• _Task_:
All of the records shown below need to be copied with no differences.

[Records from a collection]
------------------------------------------------------------------------
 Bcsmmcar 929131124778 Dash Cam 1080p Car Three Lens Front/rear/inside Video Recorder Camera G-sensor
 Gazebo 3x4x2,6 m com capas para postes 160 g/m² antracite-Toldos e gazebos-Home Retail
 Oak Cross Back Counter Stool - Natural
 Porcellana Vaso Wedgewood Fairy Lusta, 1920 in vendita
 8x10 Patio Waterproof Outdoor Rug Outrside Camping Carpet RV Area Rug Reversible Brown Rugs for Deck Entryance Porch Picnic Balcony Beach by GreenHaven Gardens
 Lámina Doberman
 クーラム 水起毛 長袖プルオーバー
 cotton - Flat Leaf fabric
------------------------------------------------------------------------
• _Answer space_:
 Bcsmmcar 929131124778 Dash Cam 1080p Car Three Lens Front/rear/inside Video Recorder Camera G-sensor
 Gazebo 3x4x2,6 m com capas para postes 160 g/m² antracite-Toldos e gazebos-Home Retail
 Oak Cross Back Counter Stool - Natural
 Porcellana Vaso Wedgewood Fairy Lusta, 1920 in vendita
 8x10 Patio Waterproof Outdoor Rug Outrside Camping Carpet RV Area Rug Reversible Brown Rugs for Deck Entryance Porch Picnic Balcony Beach by GreenHaven Gardens
 Lámina Doberman
 クーラム 水起毛 長袖プルオーバー
 cotton - Flat Leaf fabric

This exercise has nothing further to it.